- YOUR OBJECTIVE: No pictures go into the copy. Write out exactly the lines below from the one containing "Hall of Fame" through the one containing "-赛百味SUBWAY(凯德mall大峡谷店)".

- DATA FOR PROCESSING:
-=-=-

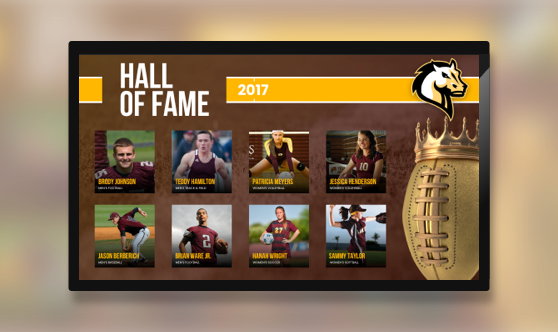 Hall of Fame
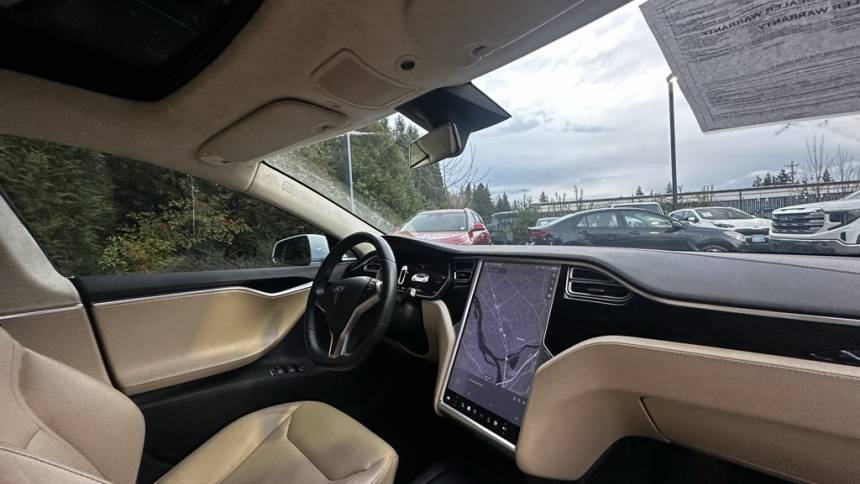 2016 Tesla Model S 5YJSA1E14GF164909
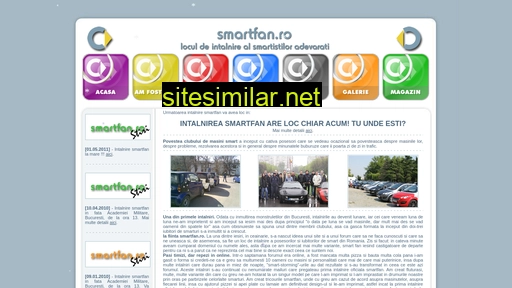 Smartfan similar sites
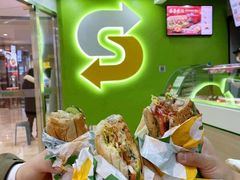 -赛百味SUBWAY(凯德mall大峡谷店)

-=-=-

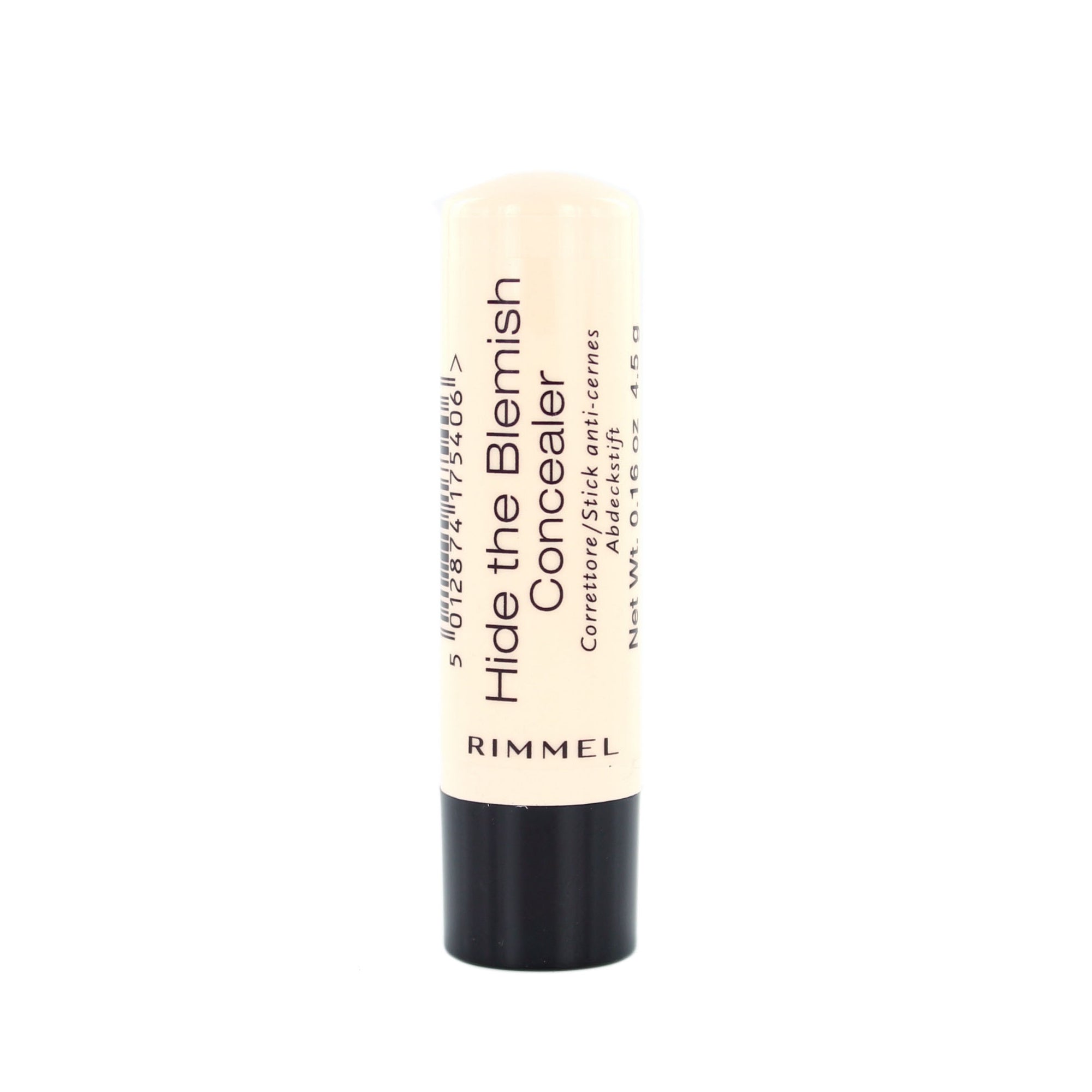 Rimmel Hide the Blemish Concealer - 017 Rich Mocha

-=-=-

- OUTPUT OF THE TASK:
 Hall of Fame
 2016 Tesla Model S 5YJSA1E14GF164909
 Smartfan similar sites
 -赛百味SUBWAY(凯德mall大峡谷店)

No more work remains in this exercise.